Background: Spark Networks owns and operates (Jewish Networks), a number of dating websites aimed at other ethnic and religious groups (Other Affinity Networks), a general interest website that is being wound down (General Market Networks), and a small offline business. I will ignore the last two pieces, as the former is being wound down, and the latter is too small to matter.

The market for dating websites tends to skew toward those with the largest market shares. This is the whole "network effects" thing in action - no one wants to pay for membership to a site that has fewer members. Spark has seen proof of this in its General Market business - there's no competing with and eHarmony, and Spark's website has suffered as a result.

Here are Spark's numbers:

 Average Subscribers
2008 2007 2006
Jewish Networks 90,806 94,246 95,168
General Market Networks 30,486 56,071 92,041
Other Affinity Networks 63,859 61,398 49,438
Offline and Other 1,806 1,783 0

Revenue (000s)
Jewish Networks 33,740 33,624 32,213
General Market Networks 7,762 15,707 25,446
Other Affinity Networks 13,749 13,314 9,724
Offline and Other 2,015 2,573 1,470

Contribution (Revenue Less Direct Marketing Expenses)
Jewish Networks 31,221 30,343 27,669
General Market Networks 4,274 7,245 11,735
Other Affinity Networks 5,874 5,486 4,772
Offline and Other 887 1,049 103


The main cause for concern that jumps out is the decline in subscribers at Jewish Networks; some of it is probably the result of price hikes taken over the last two years, as well as a decline in direct marketing spend. Profits (contribution) have increased each of the last two years despite the decline, but it is an issue management indicated they would concentrate on next year.
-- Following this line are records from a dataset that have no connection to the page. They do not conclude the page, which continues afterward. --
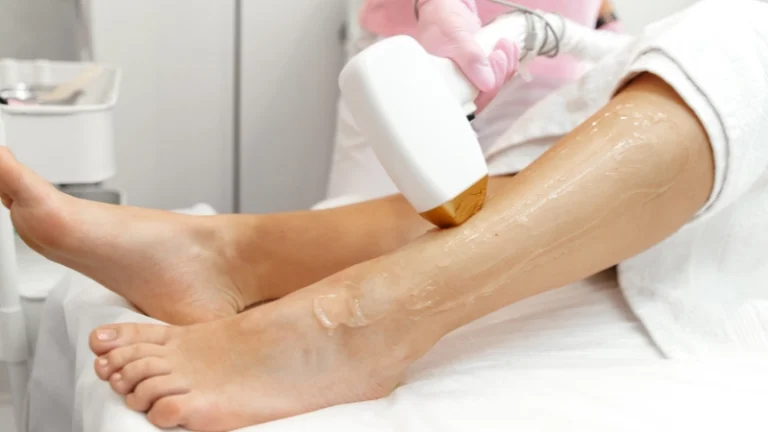 Benefits of Laser Hair Removal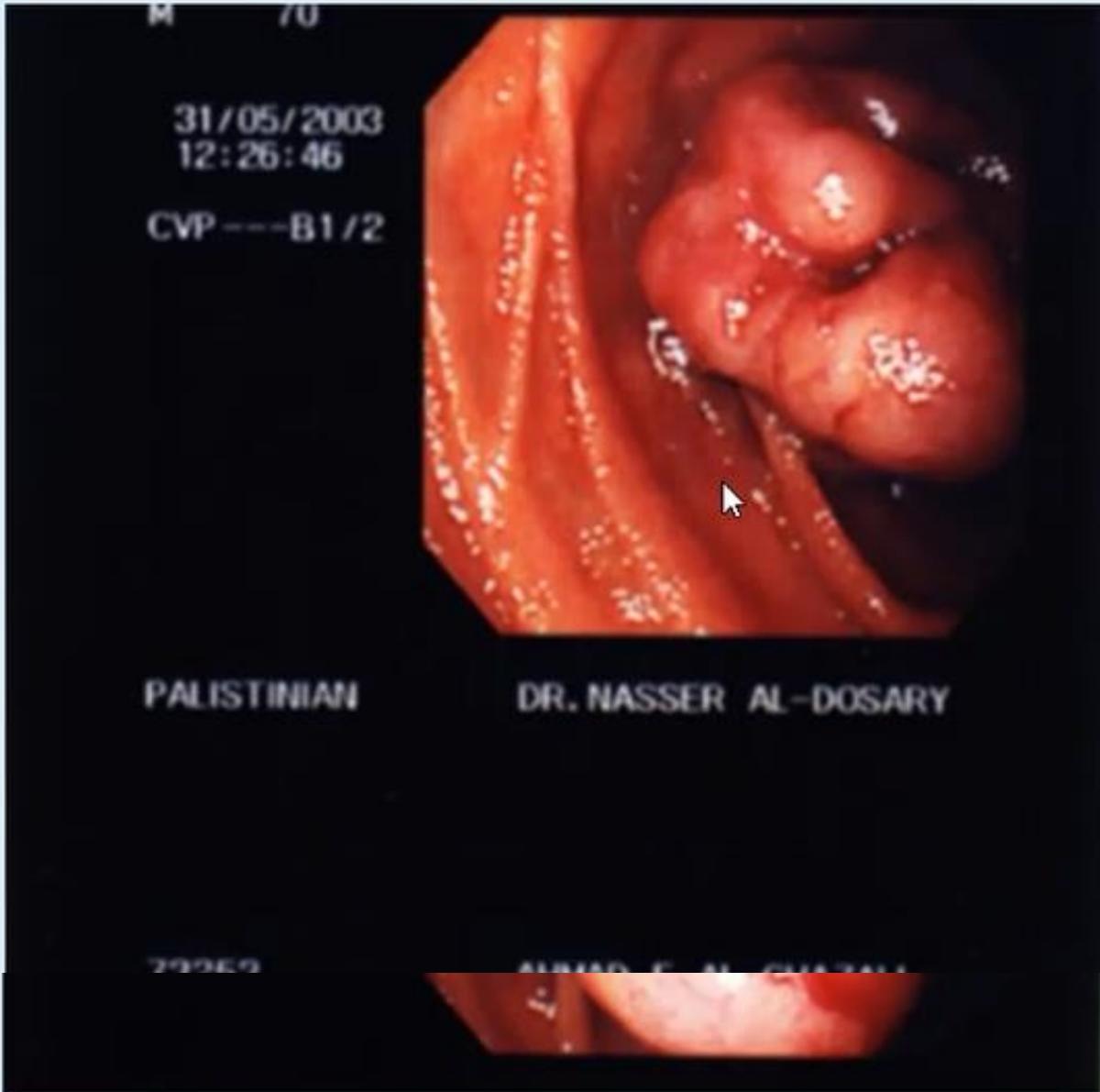 Upper GI Endoscopy Gastric Mass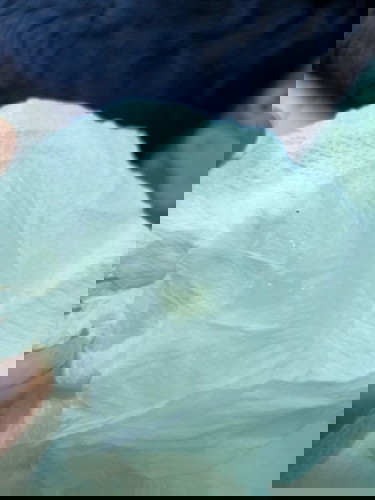 มูกหรือตกขาวคะ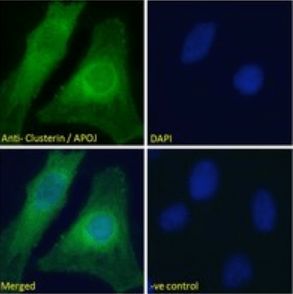 Clusterin/APOJ Antibody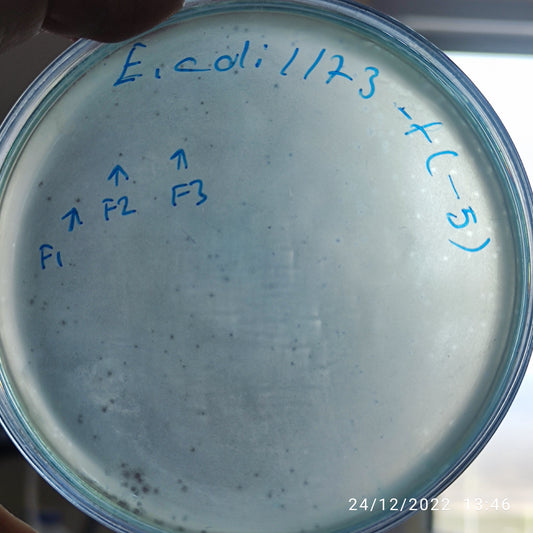 Escherichia coli bacteriophage 101173F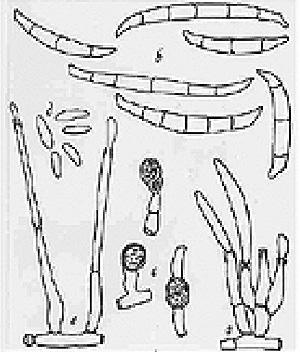 Figure 6. Microscopic view of spores (conidia) of Fusarium virguliforme.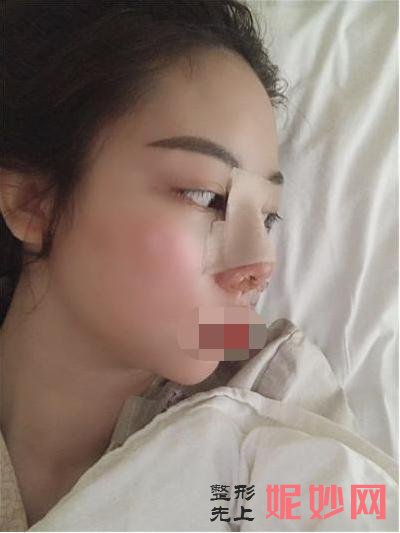 鼻翼缩小手术恢复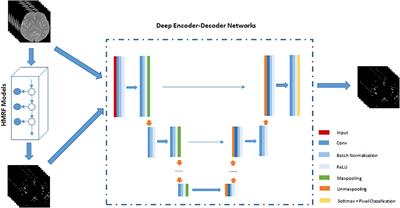 Unsupervised Cerebrovascular Segmentation of TOF-MRA Images Based on Deep Neural Network and Hidden Markov Random Field Model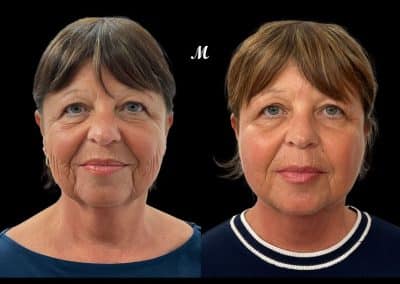 Aptos Threadlift Before and After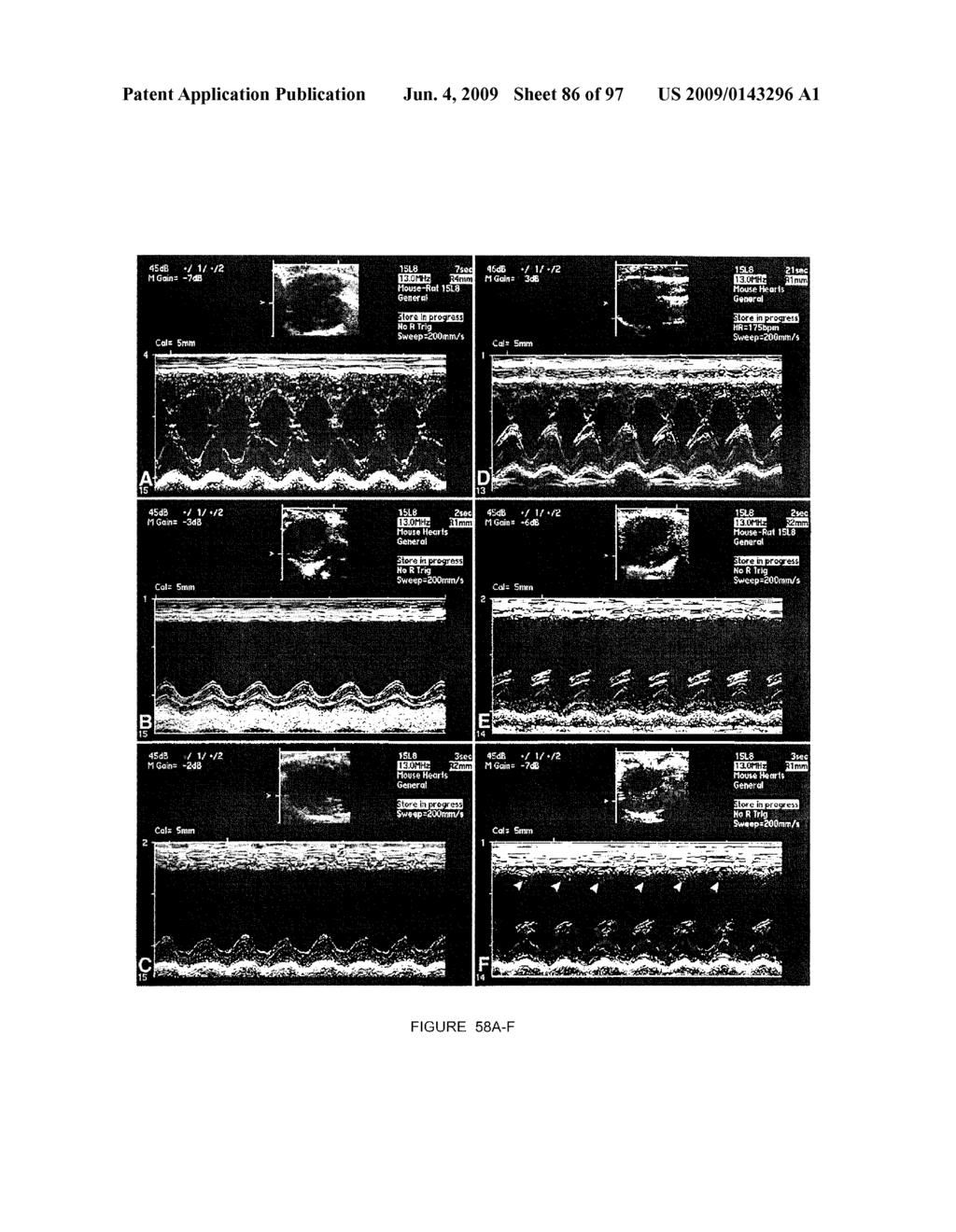 METHODS AND COMPOSITIONS FOR THE REPAIR AND/OR REGENERATION OF DAMAGED MYOCARDIUM - diagram, schematic, and image 87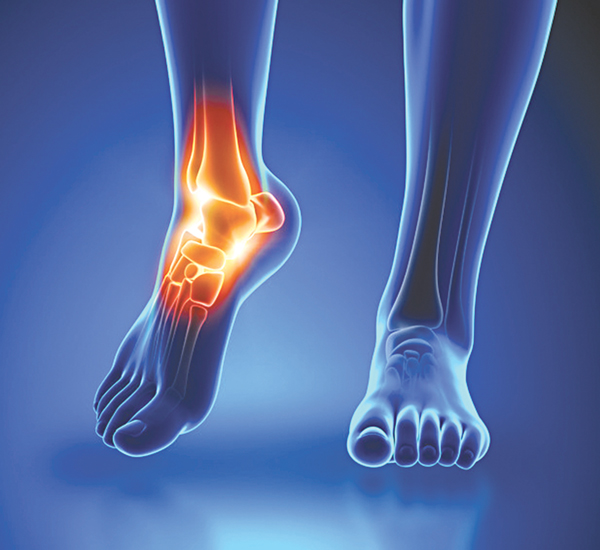 Viêm khớp cổ chân - Nguyên nhân và những biến chứng khó lường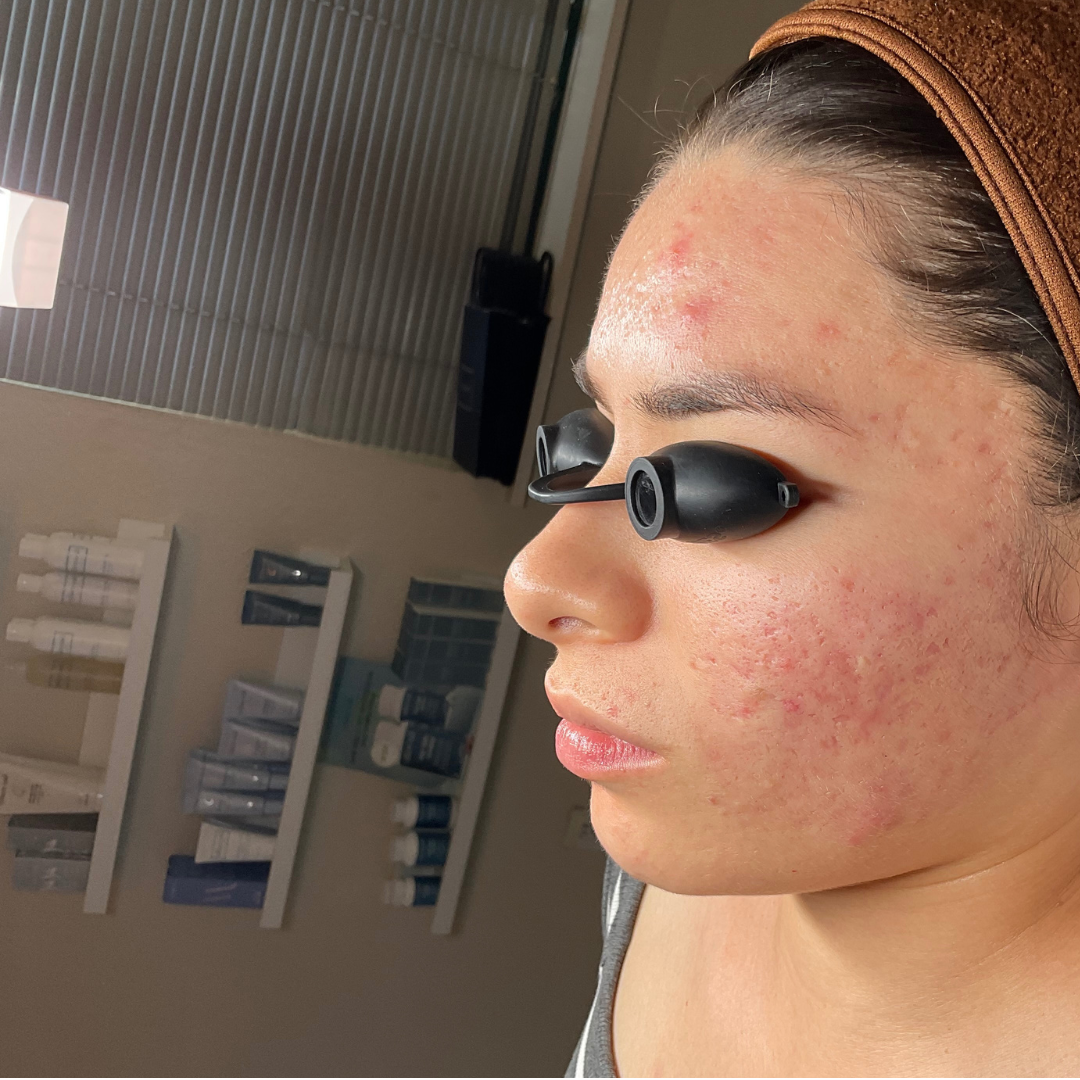 After Treatment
Overall, I see the core business (Jewish Networks and Other Affinity Networks) as a business that should be able to keep its subscriber base steady and increase prices with inflation for years to come.

Q4 08 Adjusted EBITDA 3,666
Stock Comp 757
General Market Contribution 771
Depreciation 229
Pro Forma EBIT 1,909
Annualized EBIT 7,636

2008 Adjusted EBITDA 16,200
Stock Comp 3,868
General Market Contribution 4,274
Depreciation 867
Pro Forma EBIT 7,191

Price 2.21
Shares Outstanding 20,551
Market Cap 45,418
Net Debt 333
Enterprise Value 45,751
Runoff Value of General Market 2,000

Adj. Enterprise Value 43,751

EBIT 7,500 5.8x
After-tax Income 4,500 9.7x

 Based on last year's results and backing out the contribution from the General Market division, I believe this is a company that can easily make $7.5 million per year pre-tax. This works out to a 10% after-tax FCF yield based on the current market price. In addition, I identify two areas of significant upside:

Advertising. They have not really tapped the advertising potential of the site yet, and they have stated they intend to do so in the future (though this is not the best market to be trying to sell advertising). Any incremental revenue would drop to the bottom line, so if they could sell even a million dollars a year, it would be a material boost.

Overhead Expenses. This would mostly come into play in the event of a sale. It's not unreasonable to assume they could shave off $1 million in public company expenses alone, not to mention what could be saved in duplicate overhead. I would not be surprised if a buyer would view the company as having $10 million in pretax earnings power. At a reasonable 8x multiple, that would be a purchase price of $4 per share.

Other Considerations:

Taxes. They have a net asset of $4 million on the books, mostly related to comp accruals. They also have some NOLs related to stock option exercises, but those may never materialize given where the stock is. On the other hand, they almost certainly have a significant amount of cash trapped overseas, given that they have about $7 million in both cash and debt.

Great Hill Partners. They own over 9 million shares, or about 45% of the company, so they have all of the motivation in the world to get this thing sold at a reasonable price. I think their interests are generally aligned with those of outside shareholders, so I view their involvement as a plus.